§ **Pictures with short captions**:
------------

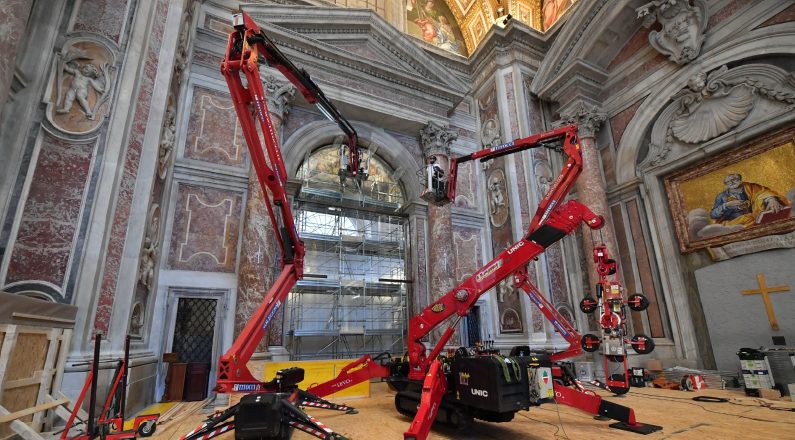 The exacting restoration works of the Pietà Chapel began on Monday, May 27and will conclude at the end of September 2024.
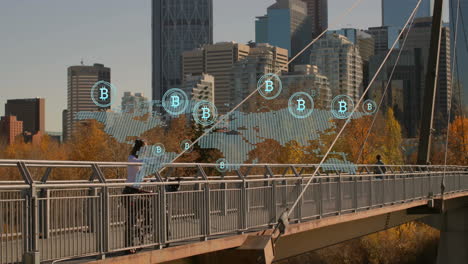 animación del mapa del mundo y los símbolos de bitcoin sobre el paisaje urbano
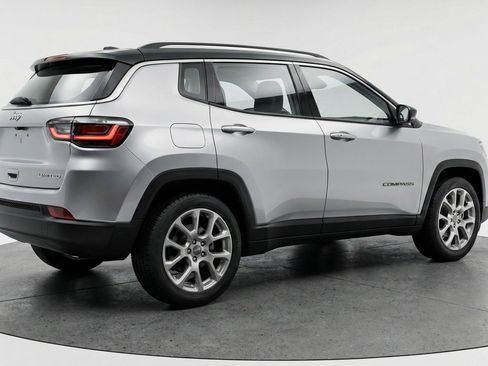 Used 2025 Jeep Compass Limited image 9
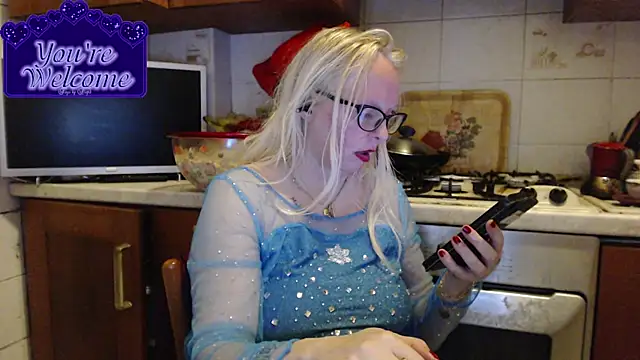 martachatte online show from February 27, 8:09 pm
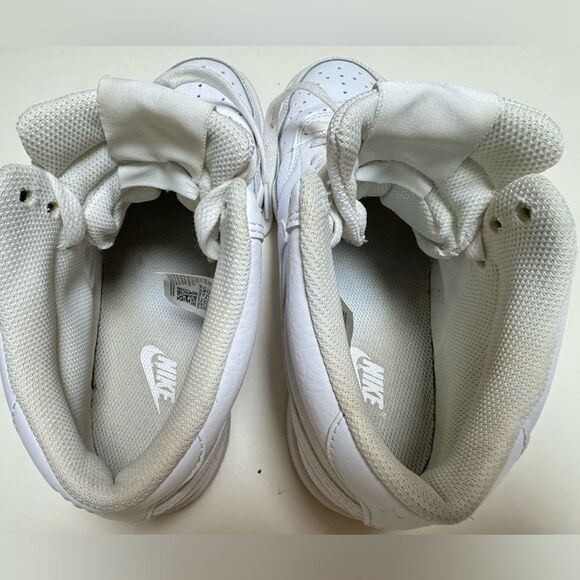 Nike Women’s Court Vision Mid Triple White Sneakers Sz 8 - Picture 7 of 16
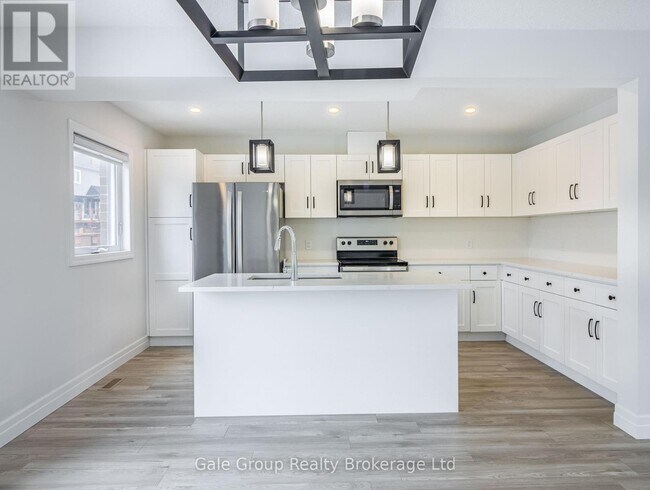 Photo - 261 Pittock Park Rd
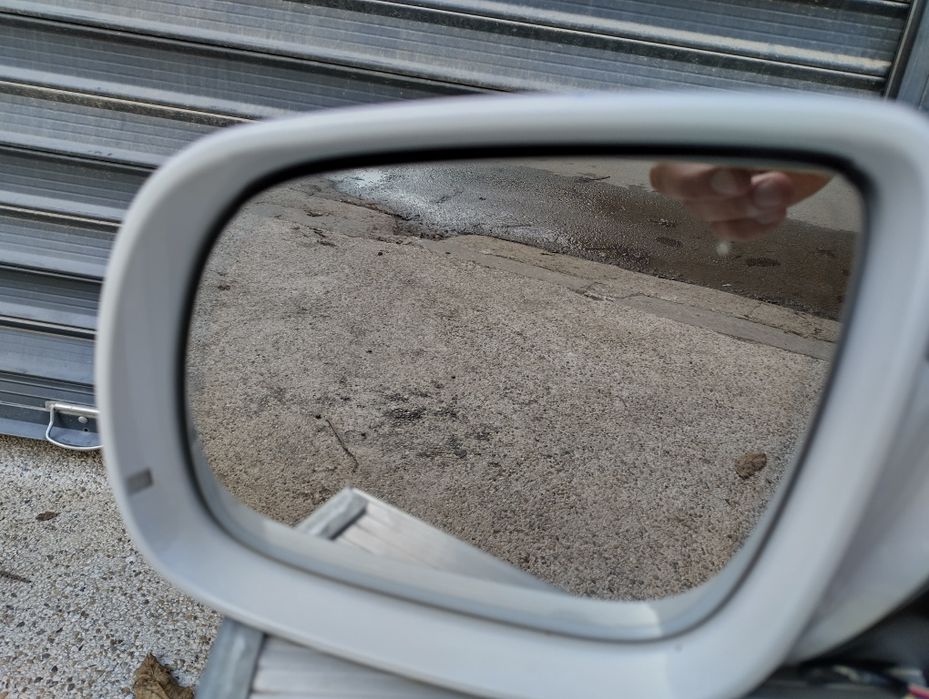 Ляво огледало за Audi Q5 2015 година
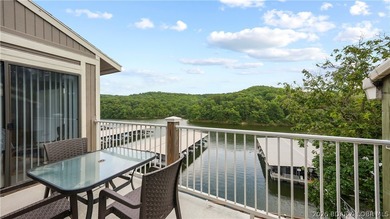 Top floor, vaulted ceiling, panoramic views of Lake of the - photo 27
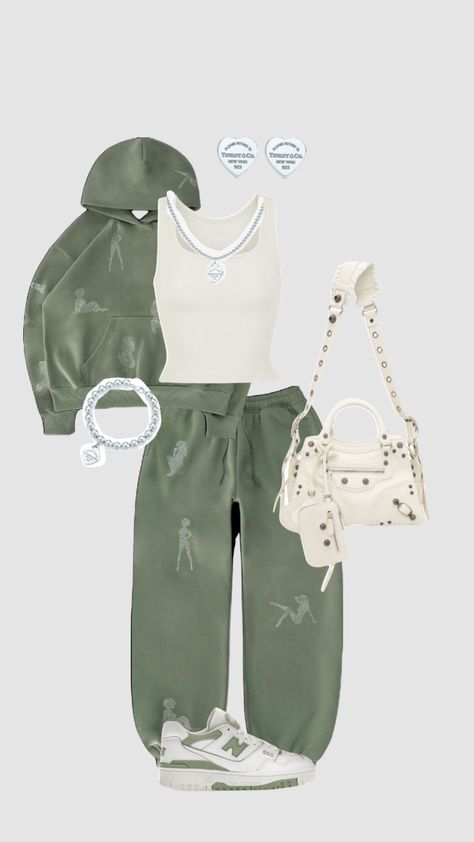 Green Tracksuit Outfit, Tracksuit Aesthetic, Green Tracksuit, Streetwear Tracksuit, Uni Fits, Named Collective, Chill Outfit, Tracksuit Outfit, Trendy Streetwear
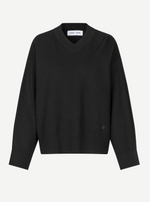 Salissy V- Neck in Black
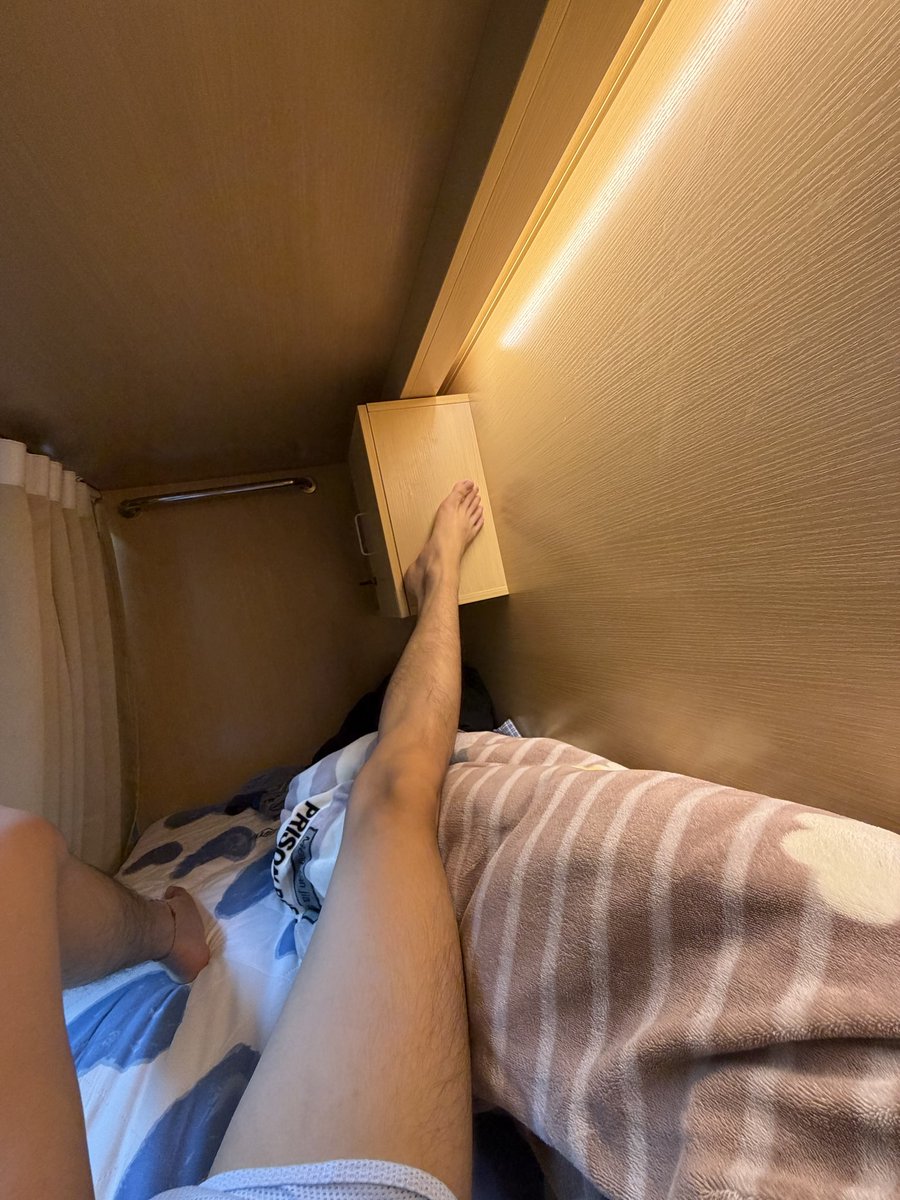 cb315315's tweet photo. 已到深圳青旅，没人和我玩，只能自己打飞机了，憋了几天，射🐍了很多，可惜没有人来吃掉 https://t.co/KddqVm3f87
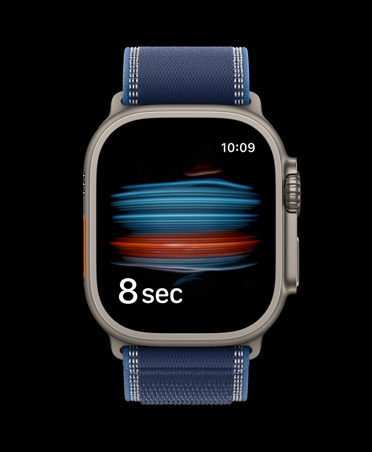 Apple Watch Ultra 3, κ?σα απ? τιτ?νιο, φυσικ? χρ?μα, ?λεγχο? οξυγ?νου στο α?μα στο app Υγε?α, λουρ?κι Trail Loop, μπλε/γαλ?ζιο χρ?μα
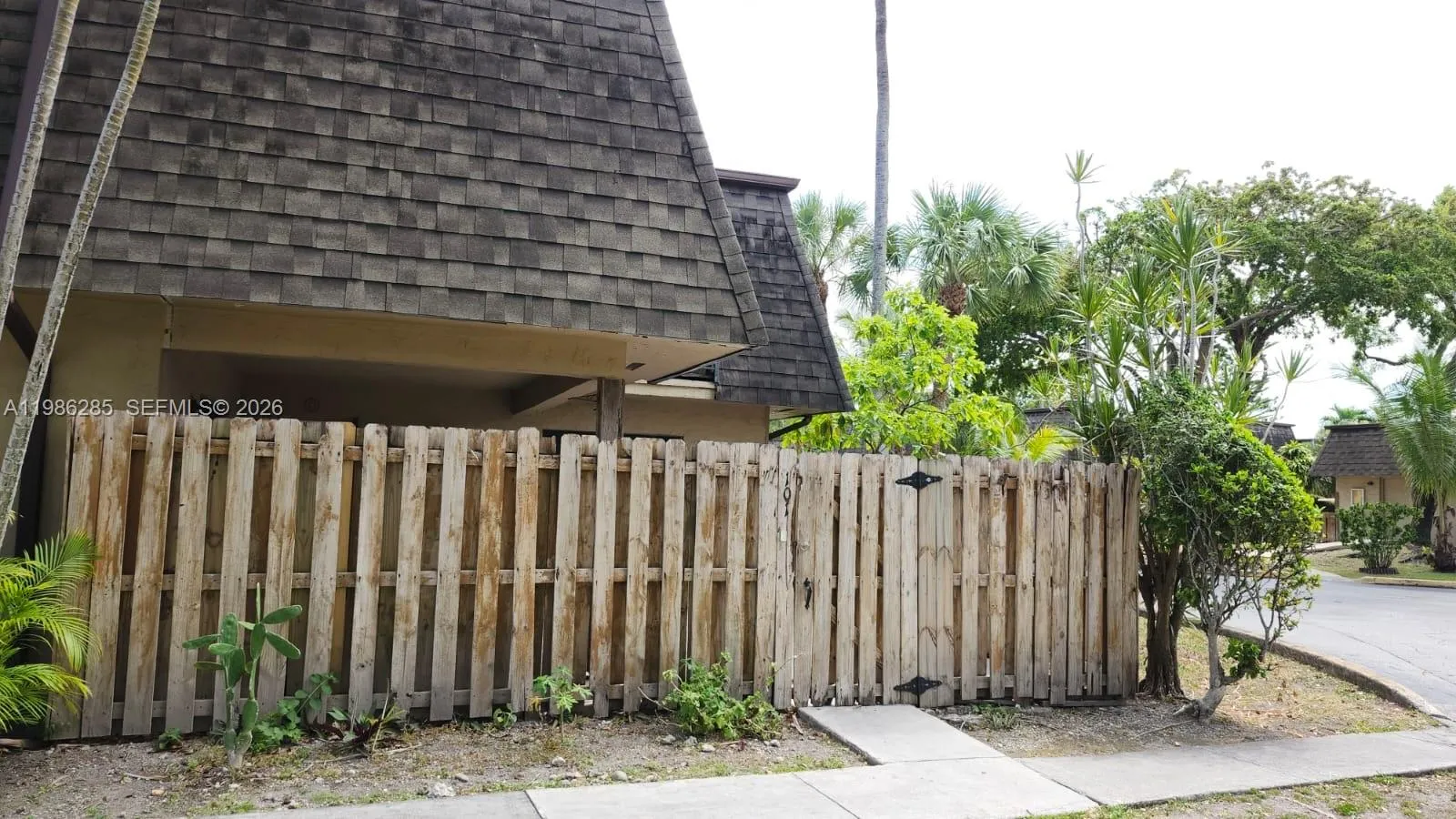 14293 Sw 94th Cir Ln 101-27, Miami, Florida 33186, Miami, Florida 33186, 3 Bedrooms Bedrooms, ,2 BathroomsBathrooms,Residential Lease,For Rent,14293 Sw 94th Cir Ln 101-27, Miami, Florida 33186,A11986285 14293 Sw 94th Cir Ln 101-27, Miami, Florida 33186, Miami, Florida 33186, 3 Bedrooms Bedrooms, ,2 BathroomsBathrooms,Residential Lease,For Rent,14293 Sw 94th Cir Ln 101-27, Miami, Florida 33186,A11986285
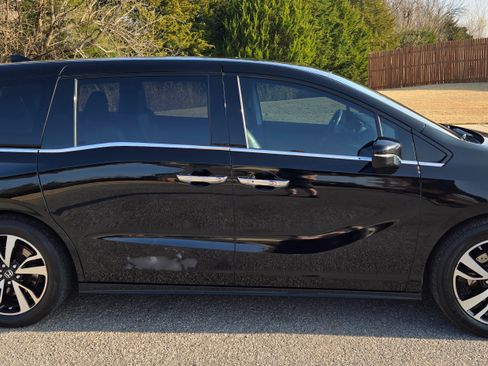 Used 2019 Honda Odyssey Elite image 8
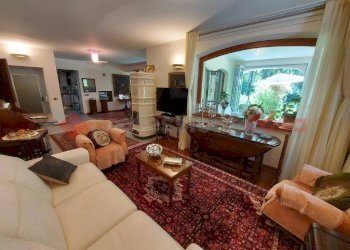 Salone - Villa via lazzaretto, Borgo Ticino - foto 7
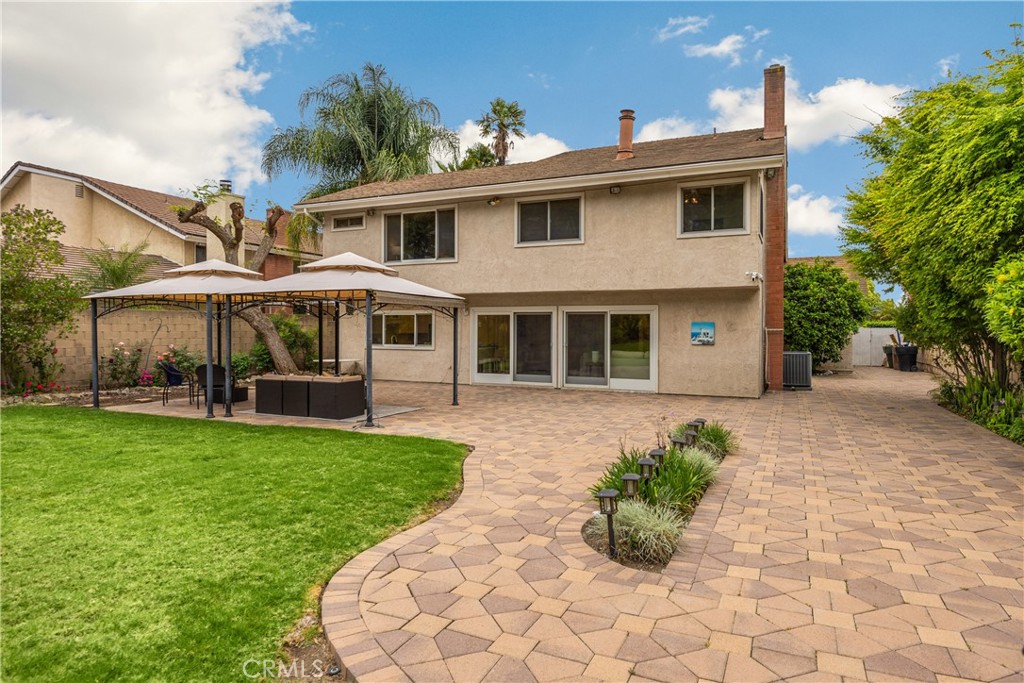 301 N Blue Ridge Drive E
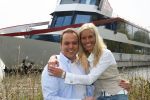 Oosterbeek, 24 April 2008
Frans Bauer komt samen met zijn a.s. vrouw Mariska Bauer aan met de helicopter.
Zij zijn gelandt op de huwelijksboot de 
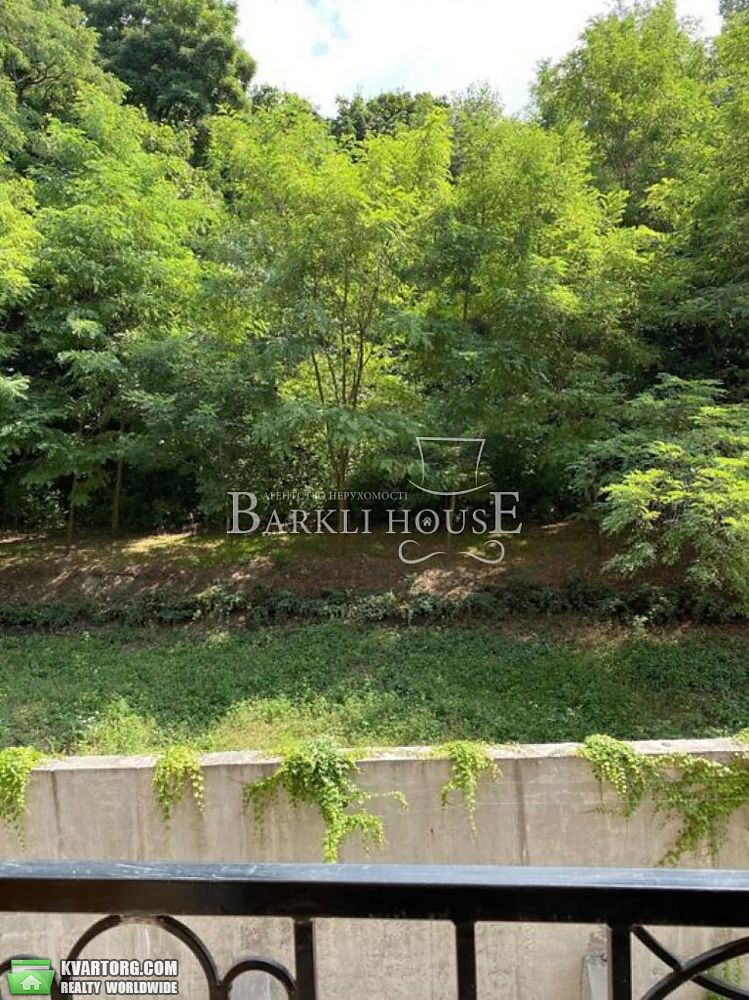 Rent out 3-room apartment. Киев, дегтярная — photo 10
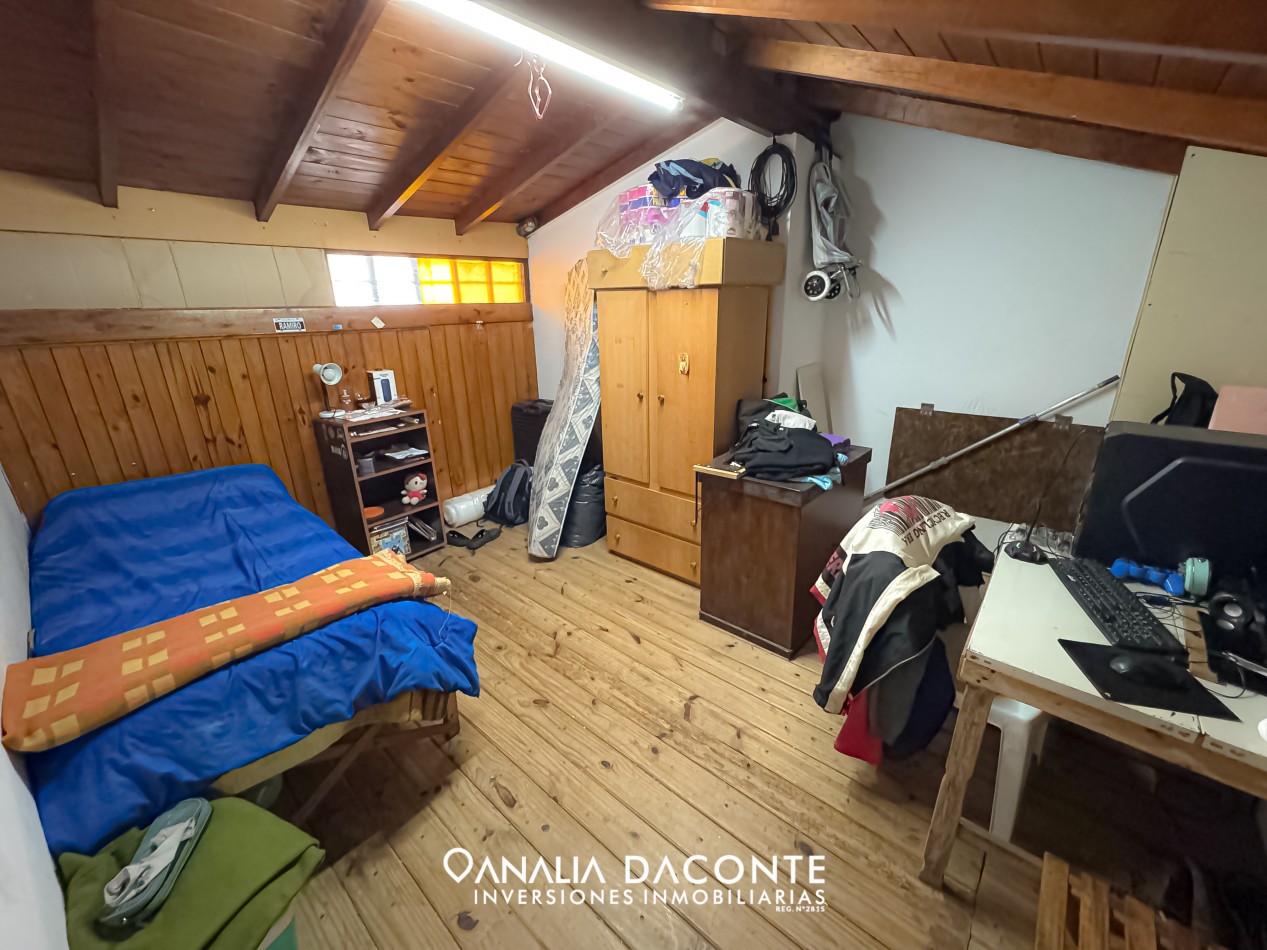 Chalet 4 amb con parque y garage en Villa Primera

------------

§ **Assignment**:
A verbatim reproduction is expected: starting at the line above that has "Ляво огледало за Audi Q5 2015 година", ending at the line that has "Apple Watch Ultra", both included, and with no pictures and no other lines.

§ **Result for this task**:
 Ляво огледало за Audi Q5 2015 година
 Top floor, vaulted ceiling, panoramic views of Lake of the - photo 27
 Green Tracksuit Outfit, Tracksuit Aesthetic, Green Tracksuit, Streetwear Tracksuit, Uni Fits, Named Collective, Chill Outfit, Tracksuit Outfit, Trendy Streetwear
 Salissy V- Neck in Black
 cb315315's tweet photo. 已到深圳青旅，没人和我玩，只能自己打飞机了，憋了几天，射🐍了很多，可惜没有人来吃掉 https://t.co/KddqVm3f87
 Apple Watch Ultra 3, κ?σα απ? τιτ?νιο, φυσικ? χρ?μα, ?λεγχο? οξυγ?νου στο α?μα στο app Υγε?α, λουρ?κι Trail Loop, μπλε/γαλ?ζιο χρ?μα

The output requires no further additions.